À Quimper, Arnaud Elégoët remet en selle « Ar Marc’h dall »
Sa rencontre avec « Ar Marc’h dall » (Le Cheval aveugle) remonte à l’été 1979. Arnaud Elégoët a 9 ans. Il accompagne alors ses parents, partis écouter cette cantate à la basilique du Folgoët. Une œuvre en langue bretonne que Job an Irien (pour les paroles) et René Abjean (pour la musique) viennent tout juste d’écrire. « Je n’y suis pas allé de gaîté de cœur, se souvient le fondateur de la maison d’édition quimpéroise Bannoù-heol. Quand on est enfant, on a un peu des idées préconçues. Le breton ne m’intéressait pas du tout. C’était, pour moi, une langue presque morte déjà, sans intérêt, sans avenir… Mais ça a été un petit choc ! En sortant du concert, j’étais vraiment enchanté. Cette musique était extrêmement moderne. Et la basilique était pleine ».
« Le texte n’a pas pris une ride »
Partout, un accueil similaire est réservé à l’œuvre des deux Nord-Finistériens. Aux Tombées de la Nuit, à Rennes. Mais aussi à la cathédrale Saint-Corentin, à Quimper, lors des Fêtes de Cornouaille. La raison du succès ? « Jusqu’à présent, les chœurs de langue bretonne avaient tendance à chanter de la musique sacrée. Là, ce n’était pas le cas. Ar Marc’h Dall puisait aussi vraiment dans la musique des pays celtiques… Il y avait une volonté d’écrire une musique bretonne moderne », insiste Arnaud Elégoët.
Lui, comprendra véritablement l’œuvre bien plus tard. Il parle alors breton. Et se plonge dans les paroles. « Ar Marc’h Dall » est un hymne à la Bretagne. Mais Job an Irien prévient également que cette terre, « si elle perd son identité », risque fort de devenir ce cheval aveugle qu’il observait lorsqu’il était enfant. Un cheval qui allait « à droite, à gauche, sans savoir quelle direction prendre ». Le texte est militant. Universel aussi. « Et il n’a pas pris une ride, assure Arnaud Elégoët. Les questions qui se posaient à l’époque sont toujours autant d’actualité aujourd’hui ».

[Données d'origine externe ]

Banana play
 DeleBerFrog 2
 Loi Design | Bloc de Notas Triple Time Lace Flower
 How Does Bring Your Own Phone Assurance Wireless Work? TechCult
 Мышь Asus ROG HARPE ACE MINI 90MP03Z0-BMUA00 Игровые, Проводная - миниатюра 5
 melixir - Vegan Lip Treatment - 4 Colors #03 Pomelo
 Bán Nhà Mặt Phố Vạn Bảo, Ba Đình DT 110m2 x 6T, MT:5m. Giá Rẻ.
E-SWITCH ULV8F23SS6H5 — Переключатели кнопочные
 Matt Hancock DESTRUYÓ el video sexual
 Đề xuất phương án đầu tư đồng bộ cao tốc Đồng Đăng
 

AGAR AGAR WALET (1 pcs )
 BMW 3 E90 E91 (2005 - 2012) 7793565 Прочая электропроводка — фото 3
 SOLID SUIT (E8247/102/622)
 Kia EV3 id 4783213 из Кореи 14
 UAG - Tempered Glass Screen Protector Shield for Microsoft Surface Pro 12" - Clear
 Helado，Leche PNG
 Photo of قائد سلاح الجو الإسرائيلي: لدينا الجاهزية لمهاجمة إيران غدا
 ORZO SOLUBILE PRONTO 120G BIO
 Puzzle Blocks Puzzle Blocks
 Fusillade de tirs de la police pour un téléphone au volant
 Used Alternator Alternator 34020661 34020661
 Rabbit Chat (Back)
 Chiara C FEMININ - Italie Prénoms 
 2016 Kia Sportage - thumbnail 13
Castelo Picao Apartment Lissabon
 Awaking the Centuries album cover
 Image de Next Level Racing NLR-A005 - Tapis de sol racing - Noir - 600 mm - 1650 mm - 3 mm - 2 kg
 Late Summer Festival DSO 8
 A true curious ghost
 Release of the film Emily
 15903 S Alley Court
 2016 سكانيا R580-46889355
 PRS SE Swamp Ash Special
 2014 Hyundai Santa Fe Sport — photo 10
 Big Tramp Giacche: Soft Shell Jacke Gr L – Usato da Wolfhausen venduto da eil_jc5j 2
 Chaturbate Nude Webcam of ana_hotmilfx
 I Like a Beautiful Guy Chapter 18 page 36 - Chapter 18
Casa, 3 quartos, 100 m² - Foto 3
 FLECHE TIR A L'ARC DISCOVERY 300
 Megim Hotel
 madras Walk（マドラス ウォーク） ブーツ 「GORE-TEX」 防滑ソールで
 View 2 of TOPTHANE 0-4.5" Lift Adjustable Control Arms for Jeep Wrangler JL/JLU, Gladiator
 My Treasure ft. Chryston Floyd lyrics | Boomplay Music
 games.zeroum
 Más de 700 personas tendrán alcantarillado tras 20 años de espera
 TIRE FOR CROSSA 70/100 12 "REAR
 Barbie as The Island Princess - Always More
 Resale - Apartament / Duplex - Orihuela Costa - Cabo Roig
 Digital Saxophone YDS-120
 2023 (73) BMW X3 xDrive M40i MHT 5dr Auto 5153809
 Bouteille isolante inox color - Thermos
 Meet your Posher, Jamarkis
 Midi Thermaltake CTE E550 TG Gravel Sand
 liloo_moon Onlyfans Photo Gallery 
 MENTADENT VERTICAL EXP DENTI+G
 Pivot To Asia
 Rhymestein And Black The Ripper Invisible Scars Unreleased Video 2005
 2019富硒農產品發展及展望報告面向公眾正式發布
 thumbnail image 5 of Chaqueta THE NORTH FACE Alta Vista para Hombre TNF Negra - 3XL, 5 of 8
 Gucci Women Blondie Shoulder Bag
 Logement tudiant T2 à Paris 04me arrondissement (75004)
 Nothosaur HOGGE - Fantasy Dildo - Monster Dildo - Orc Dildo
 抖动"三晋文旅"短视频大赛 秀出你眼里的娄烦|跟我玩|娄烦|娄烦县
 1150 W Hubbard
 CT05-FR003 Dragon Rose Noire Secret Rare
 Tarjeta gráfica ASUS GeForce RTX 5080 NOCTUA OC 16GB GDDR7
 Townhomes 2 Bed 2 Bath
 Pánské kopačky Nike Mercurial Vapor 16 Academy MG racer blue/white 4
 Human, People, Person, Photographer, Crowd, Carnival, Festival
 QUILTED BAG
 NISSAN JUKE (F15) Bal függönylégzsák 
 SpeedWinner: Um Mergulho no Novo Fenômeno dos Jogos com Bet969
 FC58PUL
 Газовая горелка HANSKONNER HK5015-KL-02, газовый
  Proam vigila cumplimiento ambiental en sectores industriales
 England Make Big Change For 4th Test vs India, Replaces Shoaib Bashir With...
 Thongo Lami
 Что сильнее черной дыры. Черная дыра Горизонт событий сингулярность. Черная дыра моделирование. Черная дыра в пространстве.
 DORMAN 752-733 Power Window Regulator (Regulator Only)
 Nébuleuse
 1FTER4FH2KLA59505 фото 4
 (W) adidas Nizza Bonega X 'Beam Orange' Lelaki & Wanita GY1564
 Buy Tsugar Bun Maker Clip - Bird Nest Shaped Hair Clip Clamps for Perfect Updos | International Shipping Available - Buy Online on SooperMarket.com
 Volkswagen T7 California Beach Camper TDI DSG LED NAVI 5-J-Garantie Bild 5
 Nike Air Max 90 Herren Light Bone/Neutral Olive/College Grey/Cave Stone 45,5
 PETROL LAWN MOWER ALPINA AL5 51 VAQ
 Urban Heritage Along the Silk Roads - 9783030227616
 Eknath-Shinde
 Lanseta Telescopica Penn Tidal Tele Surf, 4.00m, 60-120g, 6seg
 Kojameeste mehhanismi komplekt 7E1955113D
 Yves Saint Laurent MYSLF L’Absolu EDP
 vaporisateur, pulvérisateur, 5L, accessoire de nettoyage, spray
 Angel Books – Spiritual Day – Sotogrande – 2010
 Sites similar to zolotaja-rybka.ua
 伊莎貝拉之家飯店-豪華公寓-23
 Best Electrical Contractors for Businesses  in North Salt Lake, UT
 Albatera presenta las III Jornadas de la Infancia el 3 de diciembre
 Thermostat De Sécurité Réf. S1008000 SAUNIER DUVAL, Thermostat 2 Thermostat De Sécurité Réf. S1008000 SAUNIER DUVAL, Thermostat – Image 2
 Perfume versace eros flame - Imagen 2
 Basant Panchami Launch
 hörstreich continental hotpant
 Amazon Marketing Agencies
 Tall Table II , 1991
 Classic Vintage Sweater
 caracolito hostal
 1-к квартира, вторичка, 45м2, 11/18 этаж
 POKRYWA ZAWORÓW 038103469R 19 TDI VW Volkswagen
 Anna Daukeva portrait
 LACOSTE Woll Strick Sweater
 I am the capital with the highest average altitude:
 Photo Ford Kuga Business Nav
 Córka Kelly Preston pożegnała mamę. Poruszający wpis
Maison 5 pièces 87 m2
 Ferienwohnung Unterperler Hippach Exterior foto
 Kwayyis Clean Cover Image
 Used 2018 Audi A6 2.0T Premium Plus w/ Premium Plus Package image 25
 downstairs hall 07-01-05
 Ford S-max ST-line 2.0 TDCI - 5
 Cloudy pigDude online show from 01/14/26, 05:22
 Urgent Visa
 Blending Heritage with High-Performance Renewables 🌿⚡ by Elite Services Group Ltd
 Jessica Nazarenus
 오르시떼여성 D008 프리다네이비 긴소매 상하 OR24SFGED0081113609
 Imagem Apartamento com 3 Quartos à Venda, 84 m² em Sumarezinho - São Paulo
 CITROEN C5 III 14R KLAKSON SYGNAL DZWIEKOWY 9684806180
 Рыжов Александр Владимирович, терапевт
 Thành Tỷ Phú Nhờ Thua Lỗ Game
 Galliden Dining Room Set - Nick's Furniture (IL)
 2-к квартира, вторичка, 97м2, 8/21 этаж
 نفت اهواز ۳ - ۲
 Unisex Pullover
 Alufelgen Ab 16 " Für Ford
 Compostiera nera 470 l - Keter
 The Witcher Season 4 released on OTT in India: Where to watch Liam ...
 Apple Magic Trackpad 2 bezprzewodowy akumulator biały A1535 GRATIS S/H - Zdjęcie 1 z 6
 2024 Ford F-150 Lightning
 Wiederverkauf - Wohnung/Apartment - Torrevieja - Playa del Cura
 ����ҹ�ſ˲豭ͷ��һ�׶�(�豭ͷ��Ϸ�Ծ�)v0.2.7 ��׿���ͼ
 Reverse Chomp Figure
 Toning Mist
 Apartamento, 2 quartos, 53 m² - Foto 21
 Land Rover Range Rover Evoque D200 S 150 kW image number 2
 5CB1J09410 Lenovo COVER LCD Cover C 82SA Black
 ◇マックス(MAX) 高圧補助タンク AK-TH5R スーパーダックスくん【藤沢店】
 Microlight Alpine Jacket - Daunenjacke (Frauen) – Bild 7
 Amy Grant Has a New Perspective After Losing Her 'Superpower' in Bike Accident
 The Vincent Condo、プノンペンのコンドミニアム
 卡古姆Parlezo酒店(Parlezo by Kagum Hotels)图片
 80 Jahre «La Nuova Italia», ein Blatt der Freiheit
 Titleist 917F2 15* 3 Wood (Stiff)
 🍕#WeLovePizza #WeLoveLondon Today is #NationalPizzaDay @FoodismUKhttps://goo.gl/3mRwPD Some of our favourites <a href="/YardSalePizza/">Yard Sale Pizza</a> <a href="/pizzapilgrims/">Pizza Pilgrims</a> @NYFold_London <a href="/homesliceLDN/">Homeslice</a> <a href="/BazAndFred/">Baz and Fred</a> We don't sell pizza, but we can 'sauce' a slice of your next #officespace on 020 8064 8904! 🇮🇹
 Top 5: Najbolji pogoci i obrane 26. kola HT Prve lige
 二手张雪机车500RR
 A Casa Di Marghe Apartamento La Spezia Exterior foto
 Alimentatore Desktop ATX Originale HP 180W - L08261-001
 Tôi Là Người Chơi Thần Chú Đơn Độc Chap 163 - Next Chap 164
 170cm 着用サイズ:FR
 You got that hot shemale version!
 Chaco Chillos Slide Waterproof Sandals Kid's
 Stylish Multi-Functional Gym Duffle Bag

Une nouvelle couleur musicale
Chez ce professeur de musique qui voue désormais une passion pour la langue bretonne, l’idée fait son chemin. En 2019, ce sont les premiers pas du « Cheval aveugle », nouvelle version musicale… Pour ce projet, « on ne voulait pas refaire un « Ar Marc’h Dall » identique à celui de 79 car il est déjà très beau », explique l’éditeur. Il veut davantage lui donner une autre couleur, « en le faisant jouer par un orchestre symphonique (de Bulgarie), mais, évidemment aussi, par les instruments celtiques ». Véronique Autret, qui prêtait déjà sa voix sur la première version, fait aussi partie de l’aventure. Tout comme Gilles Servat et plusieurs chanteurs corses…
Trois ans après les premiers accords, le projet, malmen é par la crise sanitaire, a pris forme définitivement. L’album est sorti en cet automne 2022. Arnaud Elégoët et Joris Inadïas, ingénieur du son, l’ont fait écouter à René Abjean et Job an Irien. Deux octogénaires « très émus », témoigne l’éditeur. Il le dit avec humilité. Mais, sans doute aussi, avec fierté. Lui, qui a fait de ce projet l’un de ses chevaux de bataille.